Das Fräulein „So-La-La“ lag mit einer fiebrigen Erkältung im Bett, als die Katastrophe aus heiterem Himmel über sie hereinbrach.
Ab den frühen Morgenstunden überschlugen sich die Nachrichtensender mit Eilmeldungen. Im Stundentakt flimmerten die neuesten Berichte zum Verlauf der Krankheit, die mit rasender Geschwindigkeit den ganzen Globus ansteckte, über die Bildschirme.
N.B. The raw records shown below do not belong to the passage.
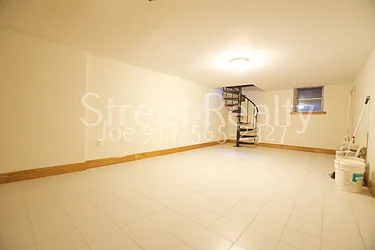 Rented by Street Realty Brokerage LLC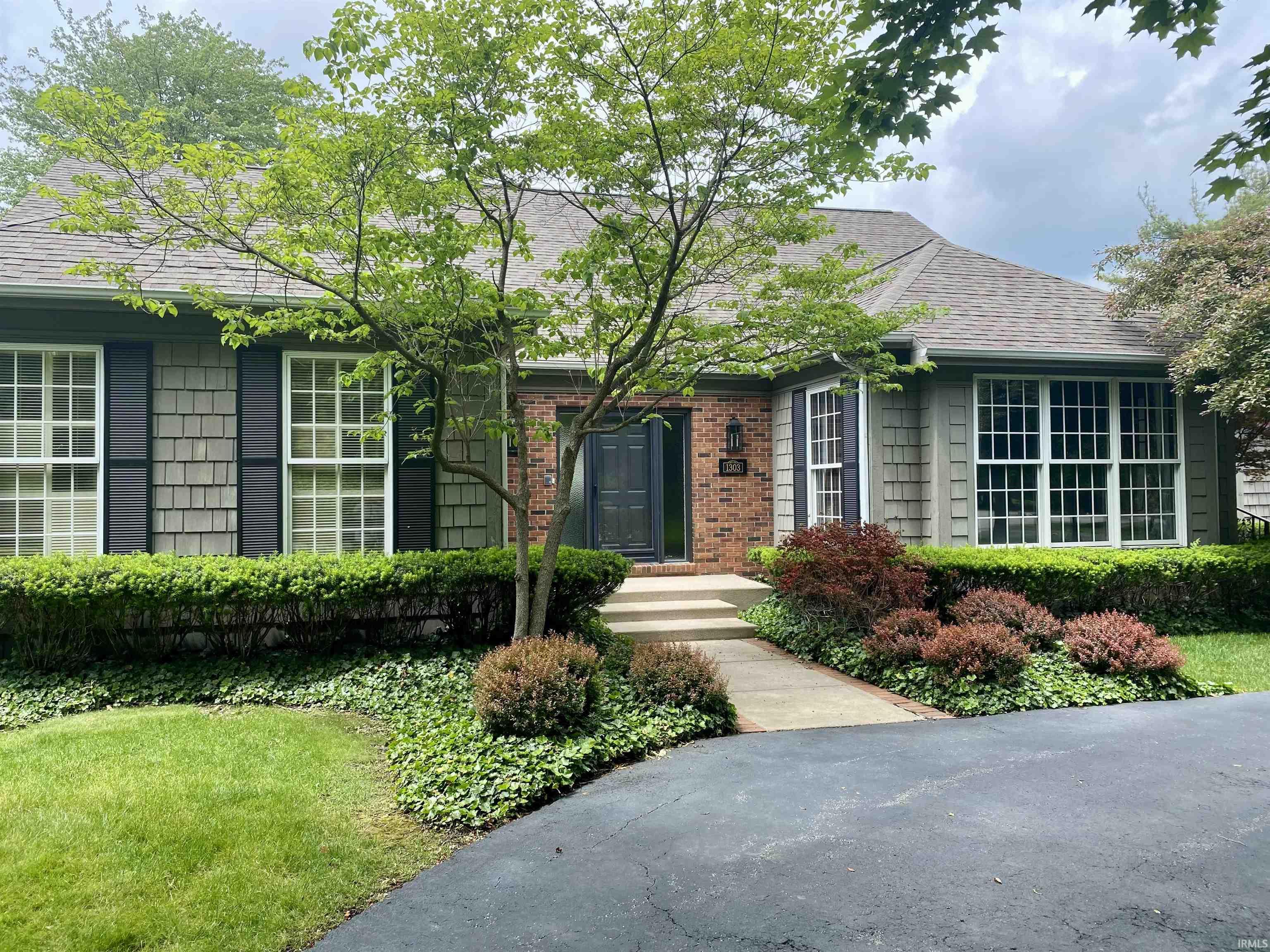 1303 East Erskine Mnr Hl Dr  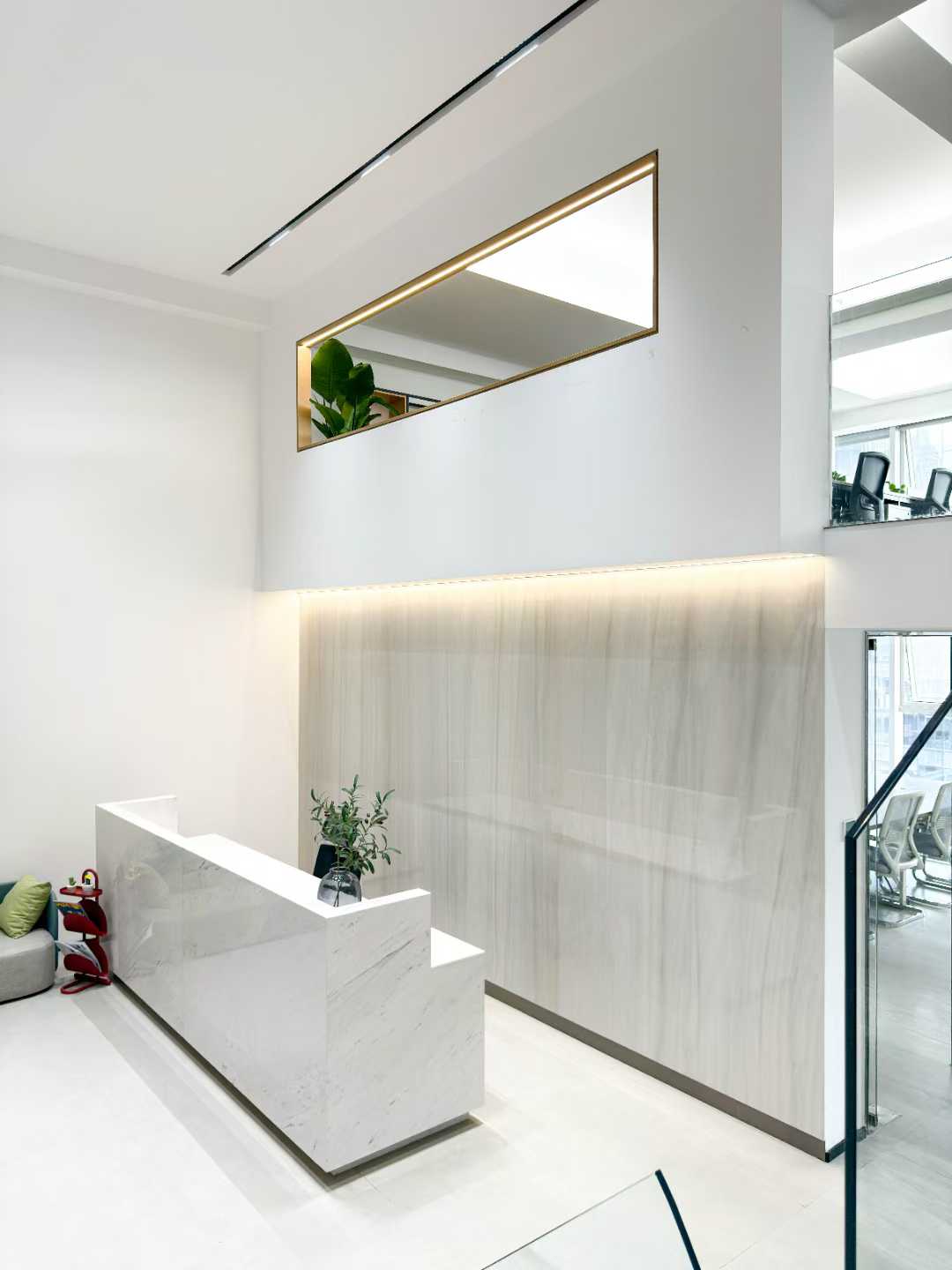 天府三街高品质跃层户型 使用面积520平 8隔间50工位 正对电梯口 带家具 视野巴适 福年广场办公室出租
Allerorts stiegen die Temperaturen an. Das Fieber wälzte sich quer durch die Kontinente. Europa stöhnte unter der Hitze. Australien brannte lichterloh an allen Ecken und Enden. Amerika kochte unter einer Dampfglocke. Asien glühte wie flüssiges Eisen. Die Antarktis schmolz zu Wasser. Und in Afrika verdorrte das Gras.
Wohin die Kameras auch schwenkten. Die Welt schwitzte aus allen Poren.
Die mit der Untersuchung beauftragten Wissenschaftler bereiteten die Menschen bereits auf das Schlimmste vor.
Als das Fieberthermometer des Fräuleins „So-La-La“ im Lauf des Tages weiter anstieg, setzten die Nachrichten sogleich den bevorstehenden Weltuntergang ins Programm. Alle Anzeichen sprachen für ein nahendes Ende. Die Temperaturkurve der Welt hatte einen nie dagewesenen Höchststand erreicht.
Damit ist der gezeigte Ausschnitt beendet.